Internal file I/O error in shared libraries

A user on the matlab newsgroup comp.soft-sys.matlab reported internal file errors on multiple runs of a shared library. I have isolated the code and reproduced the problem outside of matlab. The example code is below.

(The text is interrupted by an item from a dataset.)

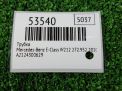 Трубка Mercedes-Benz E-Класс W212 M272 A2124300629 фотография №4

[chulbert@fourier test]$ uname -a
Linux fourier.isl-inc.com 2.6.15-prep #1 SMP Tue Mar 21 11:20:33 EST 2006
x86_64 x86_64 x86_64 GNU/Linux
[chulbert@fourier test]$ pgf90 -V

pgf90 7.0-1 64-bit target on x86-64 Linux
Copyright 1989-2000, The Portland Group, Inc. All Rights Reserved.
Copyright 2000-2006, STMicroelectronics, Inc. All Rights Reserved.
[chulbert@fourier test]$ pgcc -V

pgcc 7.0-1 64-bit target on x86-64 Linux
Copyright 1989-2000, The Portland Group, Inc. All Rights Reserved.
Copyright 2000-2006, STMicroelectronics, Inc. All Rights Reserved.
[chulbert@fourier test]$ cat test.f90
SUBROUTINE mexfunction
character(len=80) :: debugout

write(debugout,‘A17’)‘Reading RRTM_DATA’
write(,) debugout
END SUBROUTINE
[chulbert@fourier test]$ pgf90 -shared -otest1.mexa64 test.f90
[chulbert@fourier test]$ pgf90 -shared -otest2.mexa64 test.f90
[chulbert@fourier test]$ cat test.c
#include <stdlib.h>
#include <dlfcn.h>

int
main(void)
{
void *mex_functions[2] = {NULL,NULL};
void (*mex_entry1)(void);
void (*mex_entry2)(void);
int zero = 0;

mex_functions[0] = dlopen(“test1.mexa64”,RTLD_NOW);
mex_entry1 = dlsym(mex_functions[0],“mexfunction_”);
mex_entry1();
mex_functions[1] = dlopen(“test2.mexa64”,RTLD_NOW);
mex_entry2 = dlsym(mex_functions[1],“mexfunction_”);
mex_entry2();

dlclose(mex_functions[0]);
dlclose(mex_functions[1]);
return 0;
}
[chulbert@fourier test]$ pgcc -g test.c -ldl
test.c:
[chulbert@fourier test]$ ./a.out
Reading RRTM_DATA
PGFIO-F-254/formatted write/internal file/illegal repeat count in format.
In source file test.f90, at line number 4

Hi Chris,

I’m still looking into this and need to talk with a few of our engineers before I can get at exactly what the issue is here. I have my suspicions but need to confirm.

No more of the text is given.